Urban Planning and New Government 2
Sarhat Petrosyan, architect, urban-planner, urbanlab founder
Հայերեն տեքստն հասանելի է այստեղ
During 2012 Parliamentray elections, with my article titled “Urban Planning and New Government” I made several suggestions aimed at improvement of public administration in this field. Naturally, it was followed by an unprecedented illogical decision, that is creation of State Committee of Architecture, which after several transformations, today functions as State Committee of Urban Planning. With the new government formation and by overcoming my so called “fears”, that my suggestions might again result in even worse results, as well as taking into consideration the appointments of officials in the field, I made up my mind to once again touch upon the main issues of urban development and planning.

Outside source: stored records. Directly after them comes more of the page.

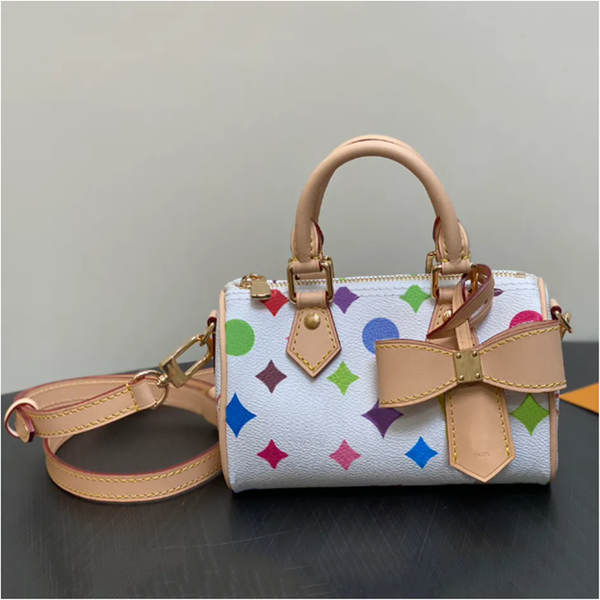 

Colorful Flower Travel Bag Women Luxurys Designers Pillow Bags Leather Totes Handbag Croissant Wallets Bag Purse Messenger Bag 16cm, T2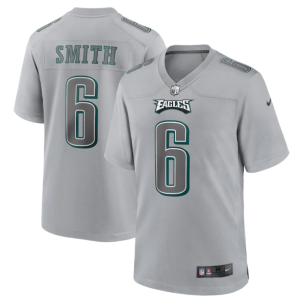 Men's Philadelphia Eagles #6 DeVonta Smith Grey Atmosphere Fashion Stitched Game Jersey - Custom Name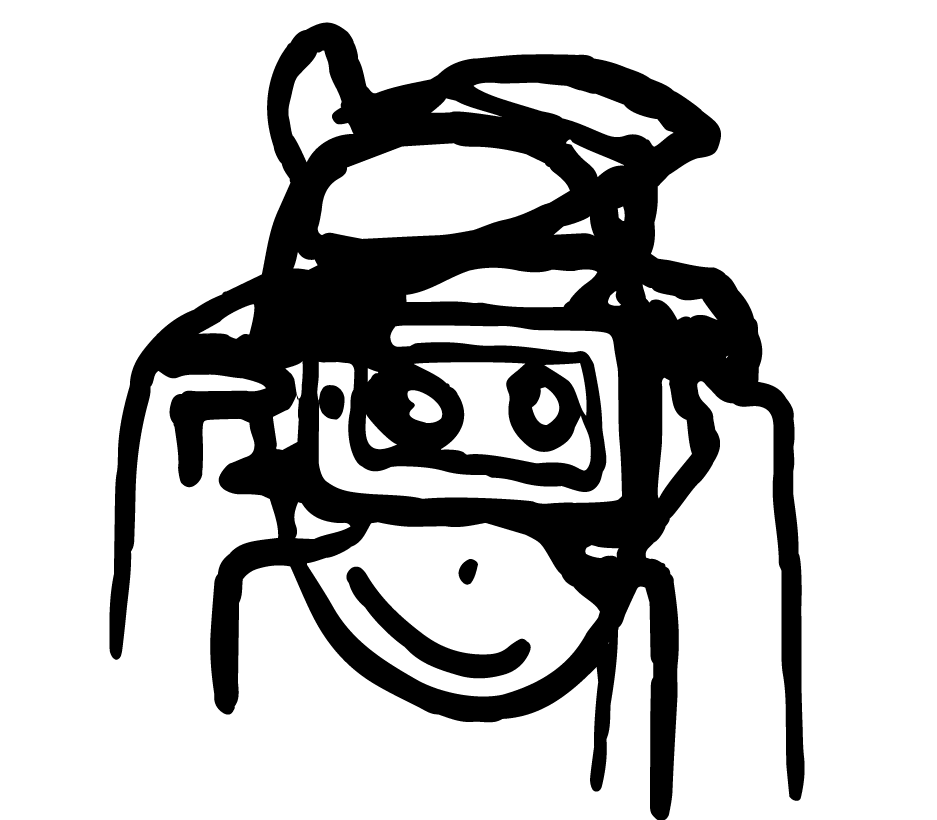 Handgezeichnete Illustration einer Person mit Kamera, das ein Selfie macht. 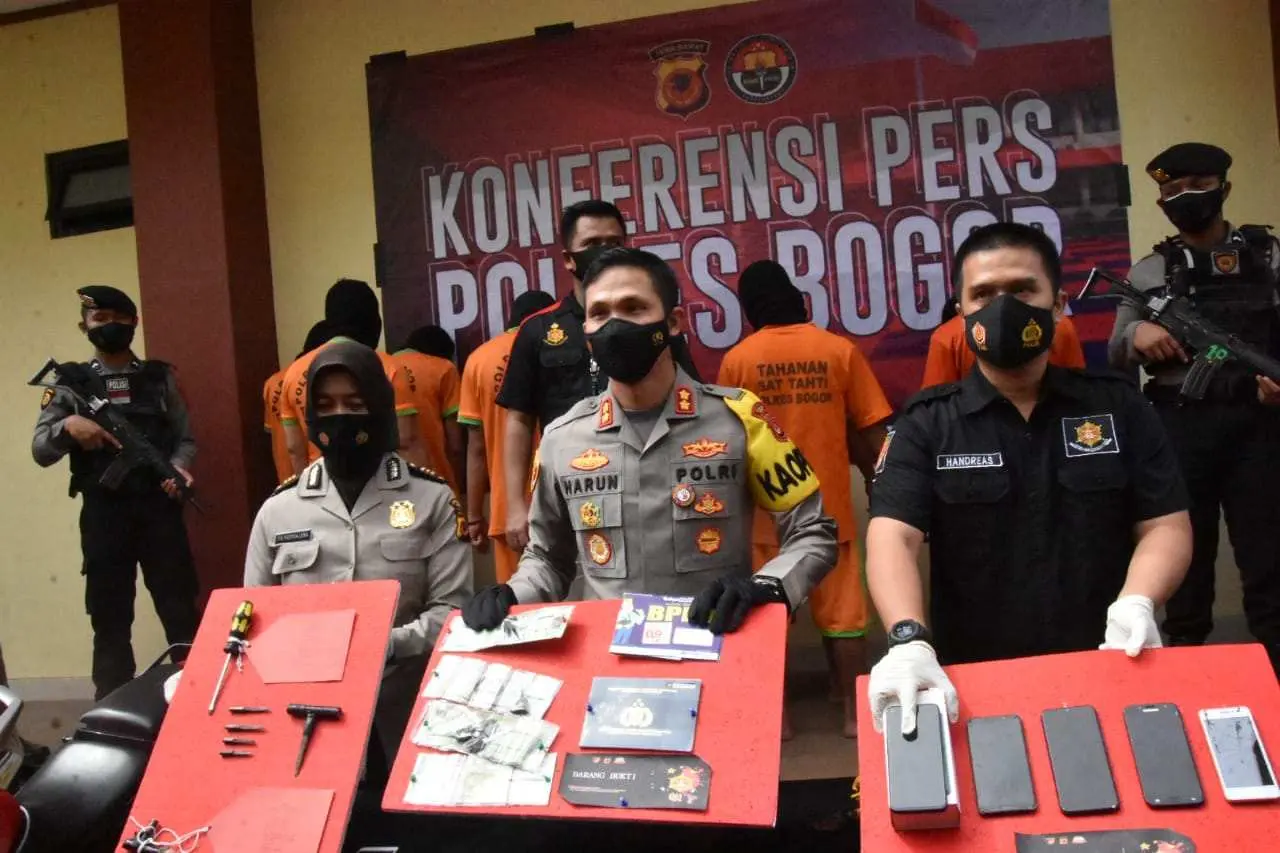 Tangkap 9 Pelaku Curanmor, Polres Bogor Sita 17 Motor Hasil Curian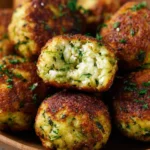 Knusprige Zucchini-Feta-Bällchen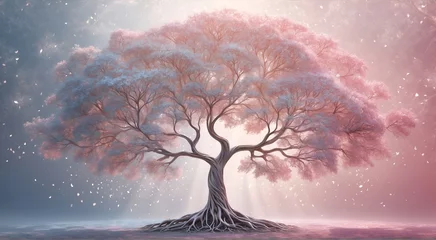 Foto op Canvas In a dreamlike, otherworldly composition, an ethereal fairylike binary tree entity takes center stage, captivating viewers with its enchanting presence. © DynaVerse3D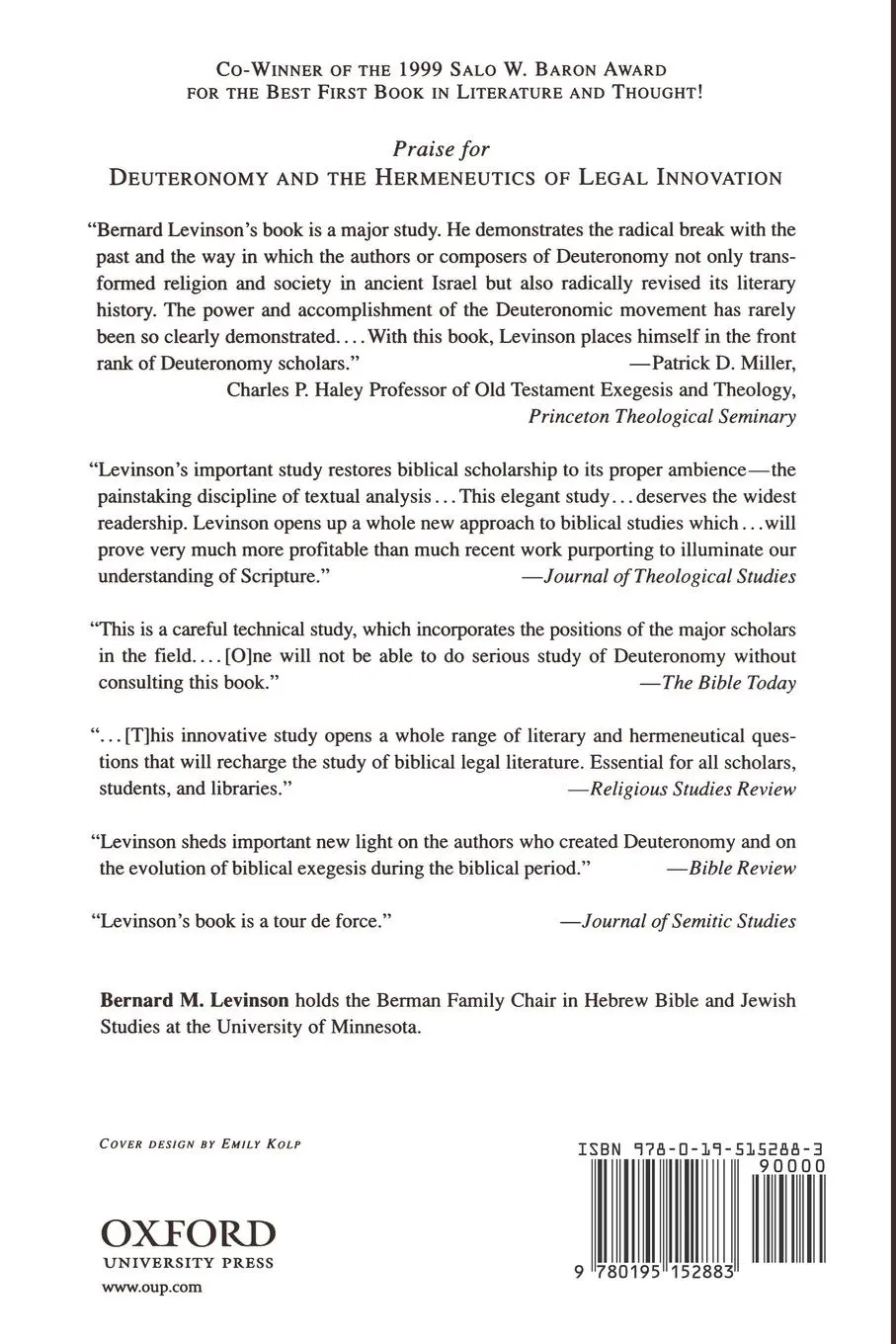 Rückseite: 9780195152883 | Deuteronomy and the Hermeneutics of Legal Innovation | Levinson | Buch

Especially by realizing that our colleagues engaged in the field, apart from familiarizing themselves with the ongoing situation, are also going through crisis management and have to still meet public expectations (populism), which means drafting a long-term vision shall be delayed even further, or even fade for some time.
First of all I am hopeful that the new government, given the changes after its formation, shall not treat urban development or more accurately to say urban planning as an unimportant field among others, and the HR and development policy shall not be trusted to third circles which may or may not be part of their political team, exactly the same way as it has been over the past weeks, and decisions shall not be made among civic activists who are protesting for preservation of green areas by simply “embracing the trees” or those who are struggling for underground passage lighting, by all means, by saying this, I do not intend to depreciate those actions, which, by the way, were exercised by me personally during my professional civic activities in the past.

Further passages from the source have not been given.